詳細:昨年、私はAMDにパフォーマンス重視のアプローチを採用するよう促しました。そして、AMDはそれを実行しました。最速のノートPCをお求めなら、AMDのRyzenプラットフォームは概ねその期待に応えてくれます。ただ、私たちの机に届くほど多くのRyzenプラットフォームは見かけません。これはおそらく、PCメーカーがノートPCを3種類の異なるプロセッサから選択して設計する柔軟性を持っていないからでしょう。彼らは通常、2種類のプロセッサしか採用しません。
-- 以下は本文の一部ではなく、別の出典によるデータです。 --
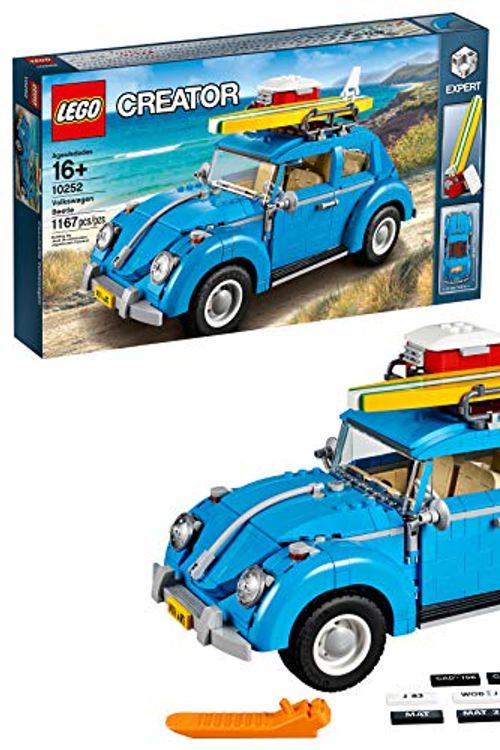 Cover Art for 4513448466759, LEGO Creator Expert Volkswagen Beetle 10252 Construction Set (1167 Pieces) by Unknown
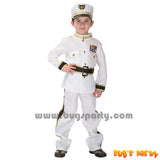 Navy Admiral kids costume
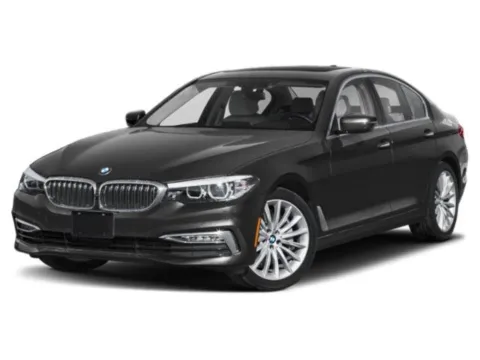 Black 2020 BMW 5 Series 530i for sale in Bellflower, CA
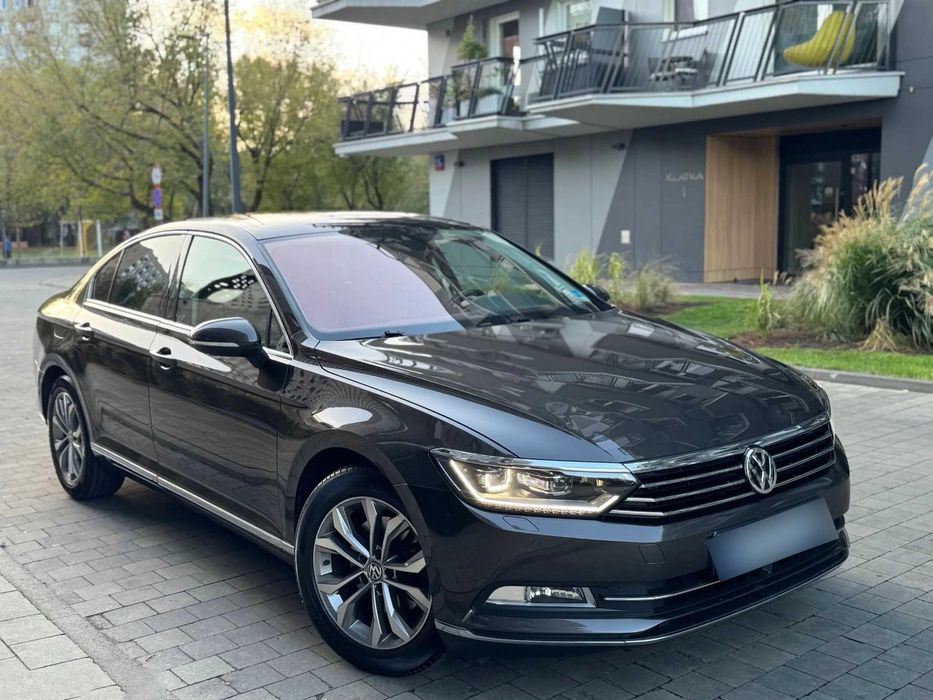 2015 Volkswagen Passat 2.0 TSI BMT Highline DSG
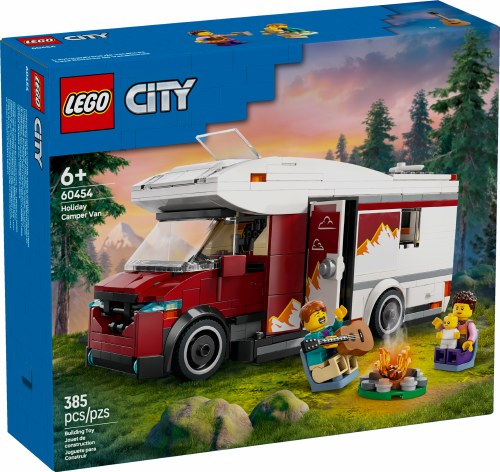 Holiday Adventure Camper Van 60454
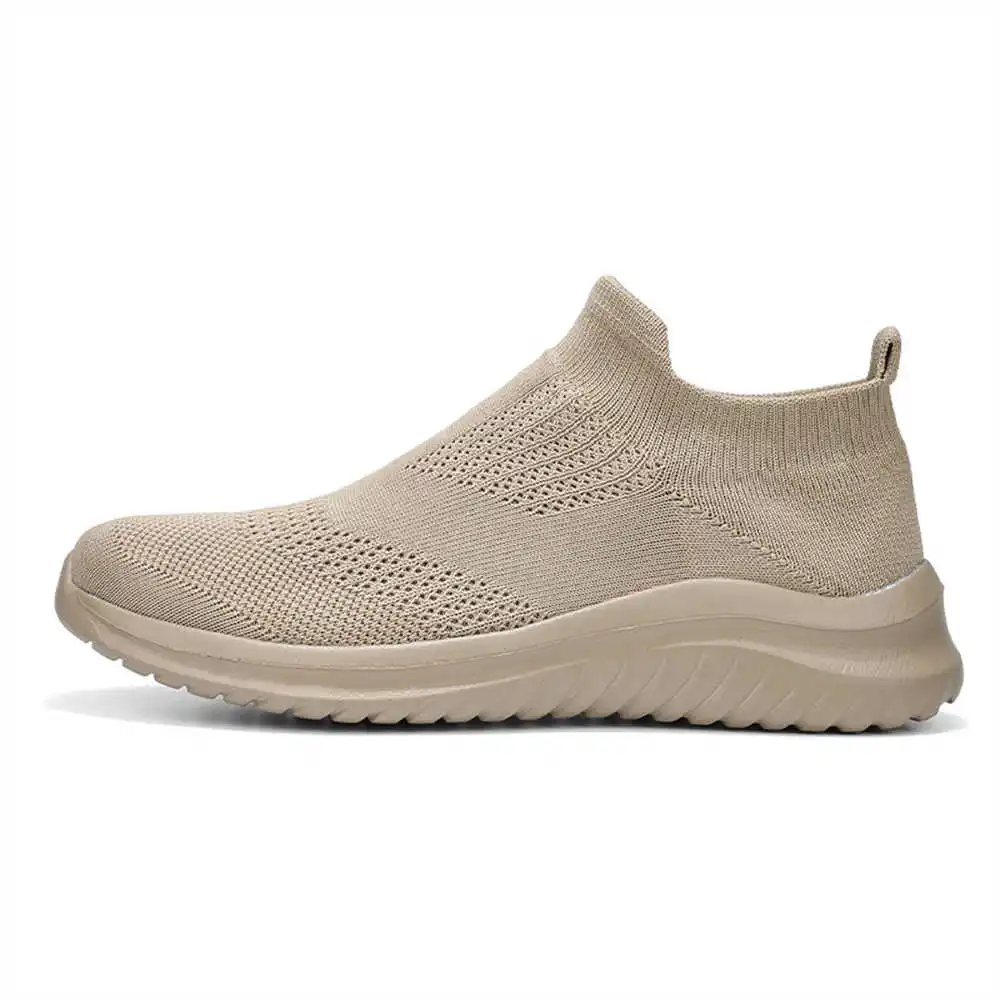 Beige Soft ใหม่รองเท้าเทนนิส M - Vintage Fashion Brands Uk บทวิจารณ์และราคา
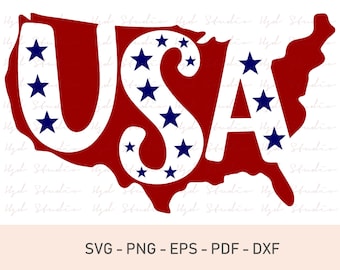 USA Svg, USA Svg Shirt, 4th Of July Svg, America Svg, Patriotic Svg, Veteran Flag Svg, 4th Of July Svg Files, 4th Of July Svg Files For Cric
それも、定番のIntelと、最近話題のQualcommです。

フレームワーク
PCメーカーには、Ryzen AI Max+を従来型のクラムシェルノートPCに搭載してほしいですね!ROG Flow Z13は、通常の生産性テストでは12.5時間駆動しました。まだ可能性はありますね。
上で述べたように、IntelのLunar Lake、AMDのRyzen AI 300(Strix Point)、QualcommのSnapdragon X Eliteはいずれも生産性向上型ノートPCとして非常に優れた選択肢であり、今こそそう言える特別な時代と言えるでしょう。ゲーミングノートPCをお探しなら、AMDとIntelが選択肢となります。残念ながら、AIはまだデスクトップPCに本格的には導入されていません。
それでも、3つのチップメーカーが今後何世代にもわたってAIの搭載を継続していくことは間違いないでしょう。いずれは後付けになる可能性もあるでしょうが…今は重要な決断です!